▶ **Work instruction**: Output the entries exactly. Start at the first line, finish with the line containing "Elegante Blumenhochzeit Einladung", and omit the pictures.

▶ **Input**:
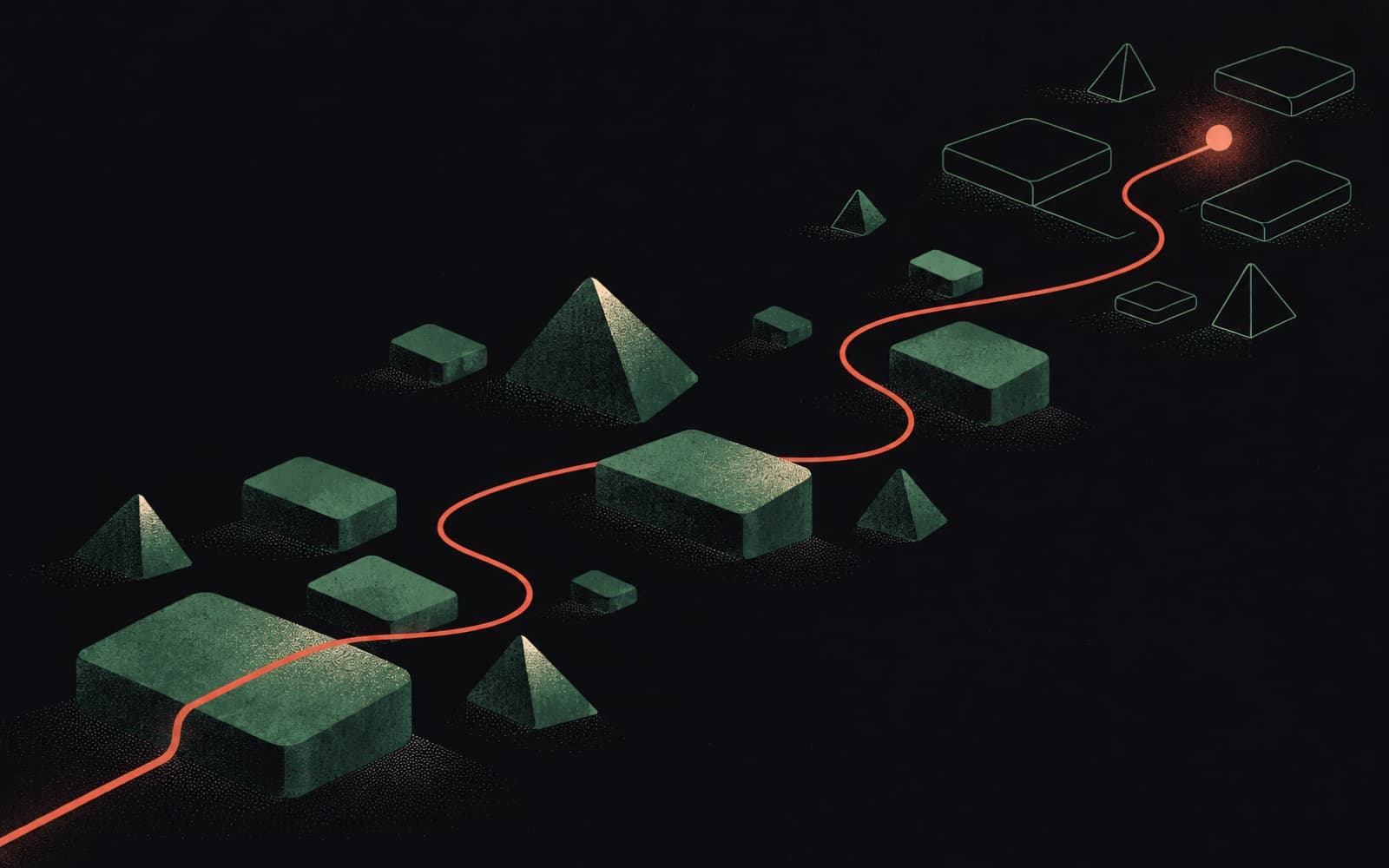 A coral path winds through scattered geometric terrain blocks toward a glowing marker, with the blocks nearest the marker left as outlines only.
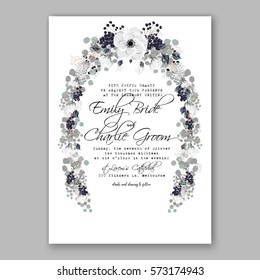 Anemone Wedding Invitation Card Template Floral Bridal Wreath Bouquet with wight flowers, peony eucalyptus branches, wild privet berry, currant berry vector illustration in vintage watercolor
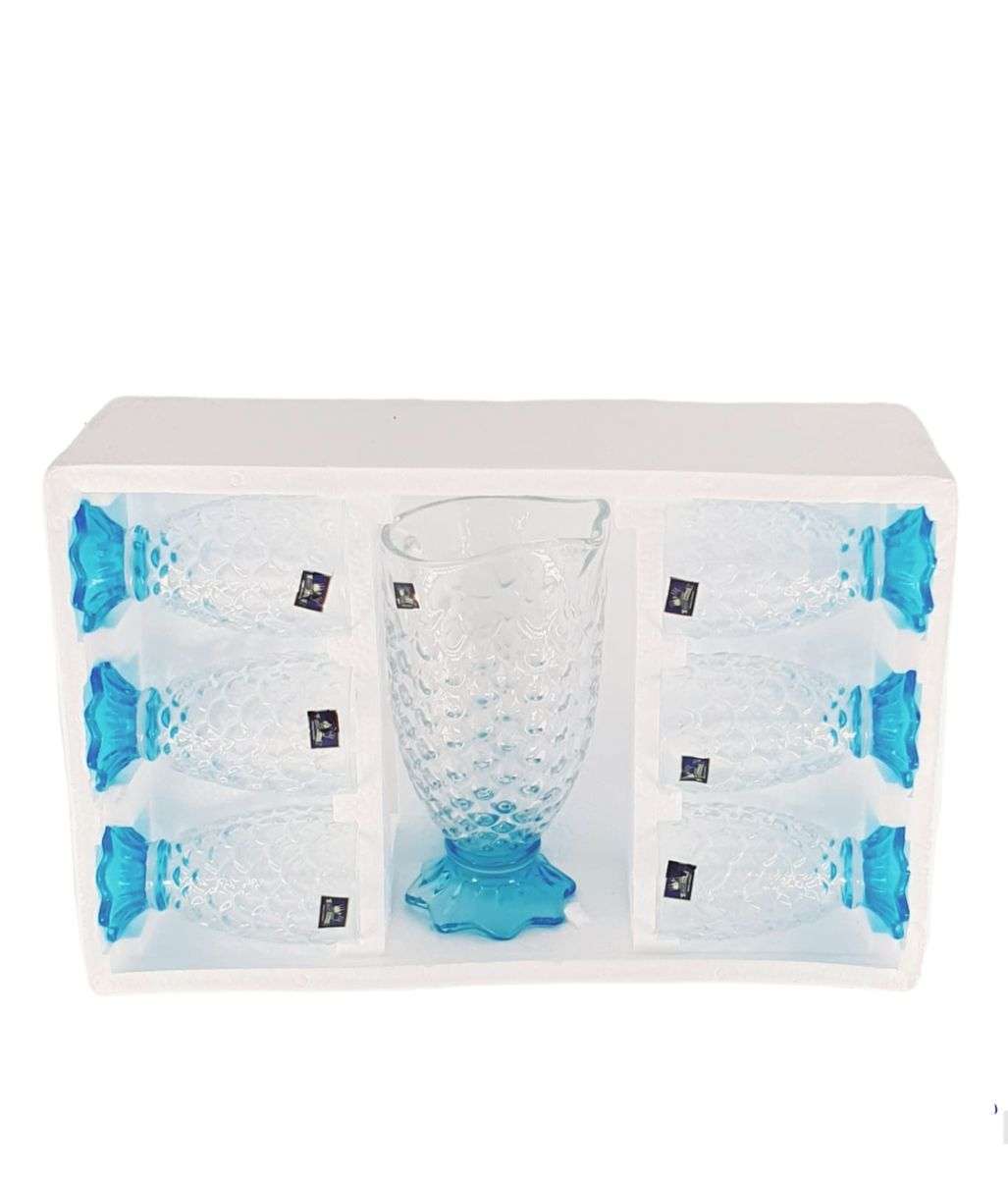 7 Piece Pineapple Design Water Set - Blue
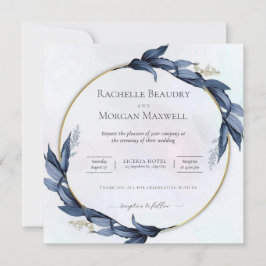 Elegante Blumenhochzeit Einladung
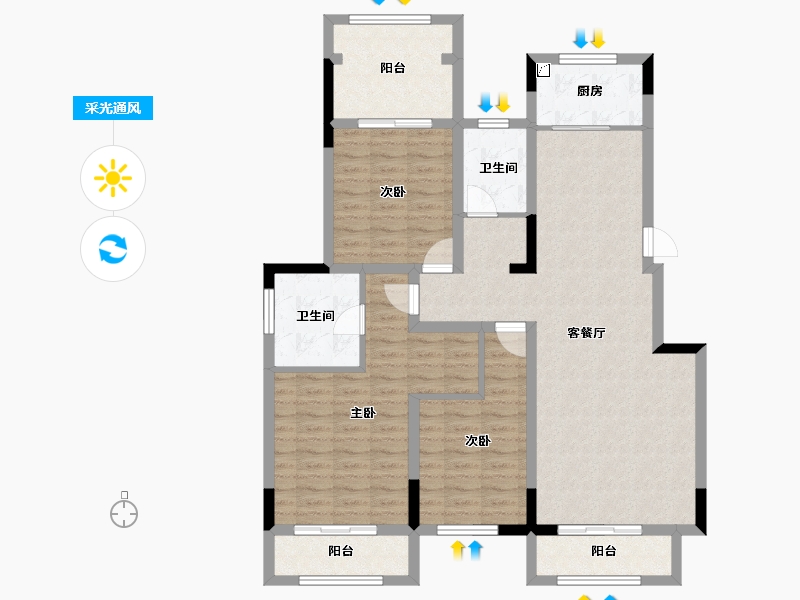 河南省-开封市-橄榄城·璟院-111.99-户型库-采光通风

▶ **Task response**:
 A coral path winds through scattered geometric terrain blocks toward a glowing marker, with the blocks nearest the marker left as outlines only.
 Anemone Wedding Invitation Card Template Floral Bridal Wreath Bouquet with wight flowers, peony eucalyptus branches, wild privet berry, currant berry vector illustration in vintage watercolor
 7 Piece Pineapple Design Water Set - Blue
 Elegante Blumenhochzeit Einladung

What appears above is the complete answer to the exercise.